Ahí está sin duda una de las claves del éxito de esta serie de aventuras de capa y espada: en esa conexión entre pasado y presente, que cada vez se va haciendo más nítida. Aunque, eso sí, señala Pérez-Reverte, "Alatriste no tendría ninguna oportunidad en la España actual. Él es un mercenario, alguien que se gana la vida con la violencia. Algo que ahora es tan políticamente incorrecto pero que en su época era moneda de cambio habitual. Sería un tipo marginal, un delincuente de moto y polígono, carne de presidio". El héroe taciturno y silencioso es hijo de su tiempo, y de ninguno más.

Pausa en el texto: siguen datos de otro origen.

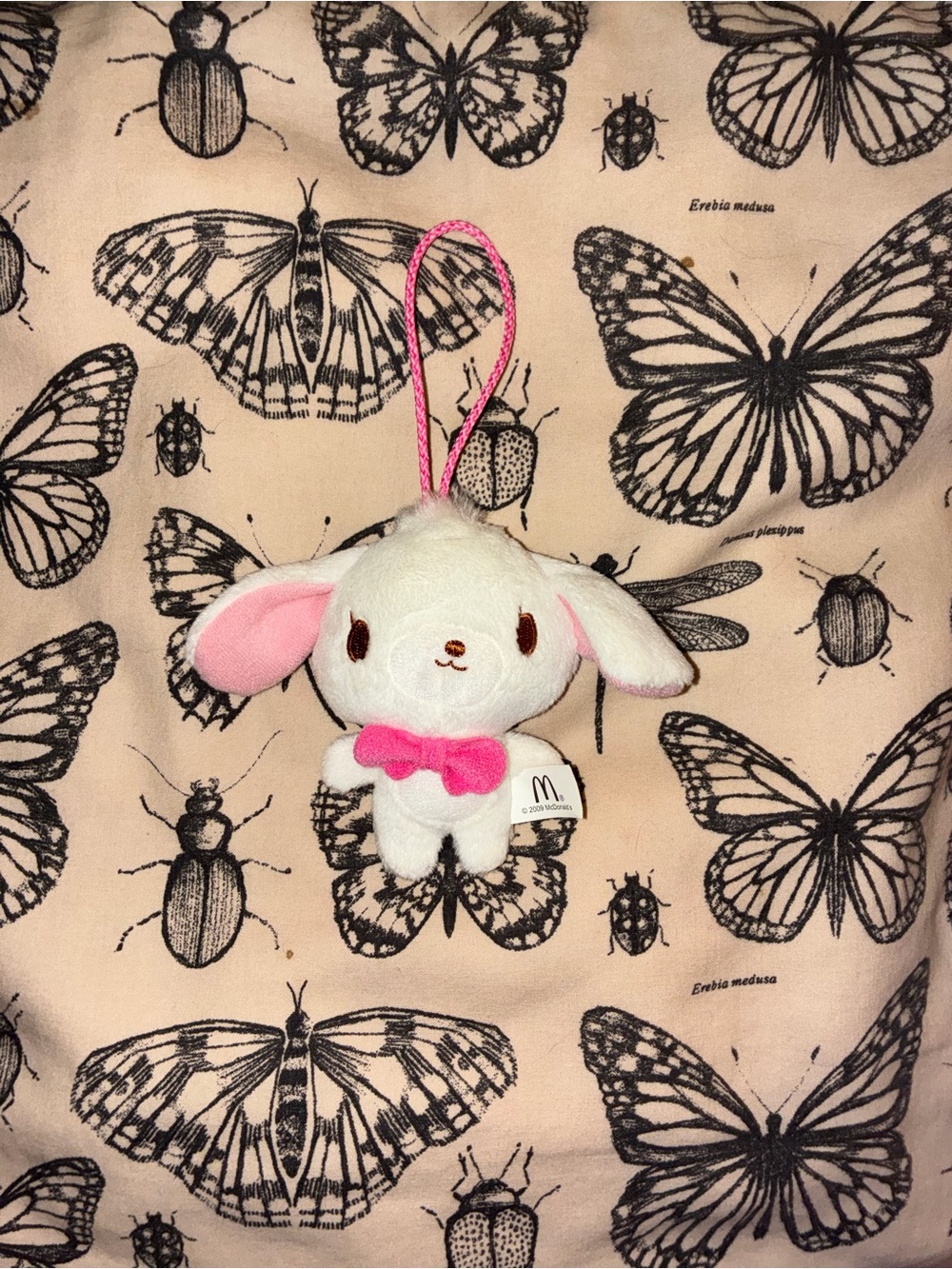 vintage sanrio sugarbunnies
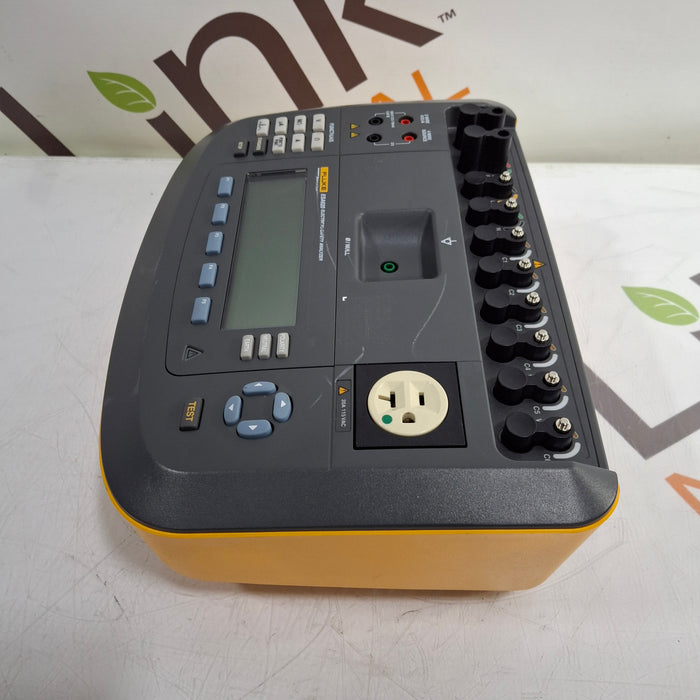 Fluke ESA620 Safety Analyzer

En ese tiempo, el siglo de Oro en las letras, y de plomo en la política, fueron vecinos de Madrid, en cuatro o cinco calles aledañas, Quevedo, Lope de Vega, Cervantes, Calderón de la Barca, Ruiz de Alarcón y otros cuantos segundones de la pluma nada desdeñables. "Si este barrio hubiera estado en Francia, sería ahora un barrio monumental, lleno de placas, de autobuses de turistas... Lo que pasa es que esto es la maldita España. Vas por allí y nadie sabe nada, y a nadie le importa", lamenta Pérez-Reverte. Pero una mañana su visión negativa se la modificó de raíz un profesor que "andaba por allí con su mochililla, rodeado de chavales, diciéndoles aquí nació tal, y aquí murió cual, y en esta casa vivió...". Libraba su modesta batalla contra la ignorancia. Y cuando, por casualidad, avistó al popular escritor, que pasaba por allí, les dijo: "Y este señor es el que ha escrito El capitán Alatriste". "Yo no soy un tipo blando, pero esa vez me emocioné".